# Chris Hardwick 4x4 BLD 6:56.75 solve at Decatur Open 2008



## shafiqdms1 (Dec 4, 2008)

Here is a video that I took at Decatur Open 08 of Chris Hardwick solving the 4x4 blindfolded. Even though it was 1 1/2 months ago, I just thought of posting it so here it is:


----------



## joey (Dec 4, 2008)

Did chris glue his elbows to his body?


----------



## EmersonHerrmann (Dec 4, 2008)

Nice nice nice  took a little while to recall after he put the blindfold on...still awesome though!


----------



## McWizzle94 (Dec 4, 2008)

Nice Solve!


----------



## jackolanternsoup (Dec 4, 2008)

I wanna be like that... Lol.

[edit] Wait shouldn't this be in the video section?


----------



## shafiqdms1 (Dec 4, 2008)

jackolanternsoup said:


> I wanna be like that... Lol.
> 
> [edit] Wait shouldn't this be in the video section?



I dont know I see videos on the speedsolving category and since it fits the BLD category perfectly I didn't see that there would be a problem.

-Shafiq


----------



## Derrick Eide17 (Dec 4, 2008)

joey said:


> Did chris glue his elbows to his body?



LOOOOL


----------



## Hadley4000 (Dec 4, 2008)

Haha, you hear me talking the whole way through.

And lolz at Arielle being the judge. She is so short and Chris is tall XD


----------



## shafiqdms1 (Dec 4, 2008)

Hadley4000 said:


> Haha, you hear me talking the whole way through.
> 
> And lolz at Arielle being the judge.
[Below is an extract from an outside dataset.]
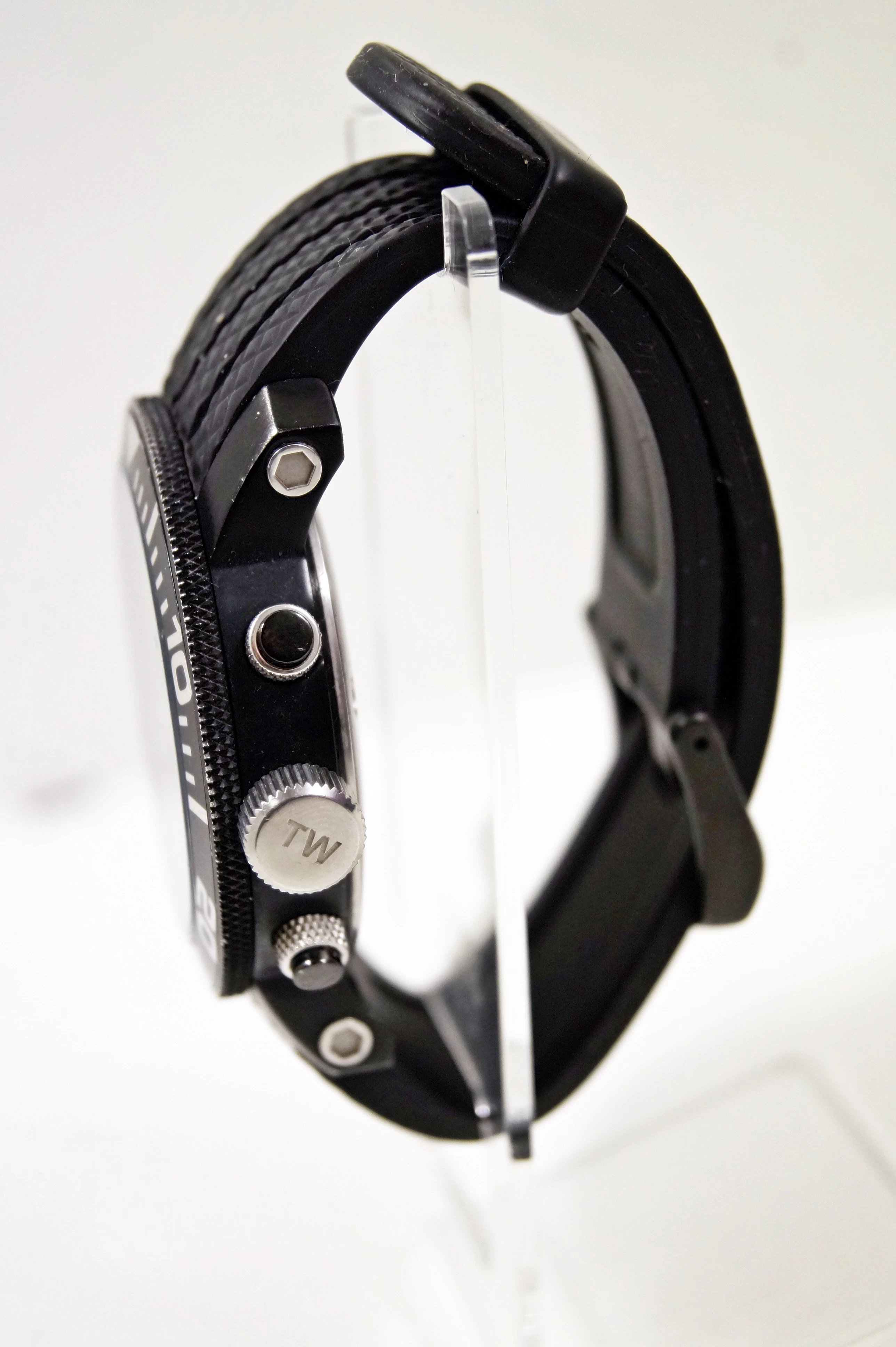 zegarek-meski-tw-steel-grandeur-diver-czarnyguma-o48-mm-material-paska-129219-3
She is so short and Chris is tall XD



lol yeap after all you were sitting next to me 

lol


----------



## Hadley4000 (Dec 4, 2008)

shafiqdms1 said:


> lol yeap after all you were sitting next to me




And I talk non-stop


----------



## Derrick Eide17 (Dec 5, 2008)

Hadley4000 said:


> shafiqdms1 said:
> 
> 
> > lol yeap after all you were sitting next to me
> ...



hmm really? if so then you should respond to this quote! 

but on topic, chris is totally amazing. He should just hold the WR forever and ever and I would be happy


----------



## shafiqdms1 (Dec 5, 2008)

Hadley4000 said:


> shafiqdms1 said:
> 
> 
> > lol yeap after all you were sitting next to me
> ...



lol


----------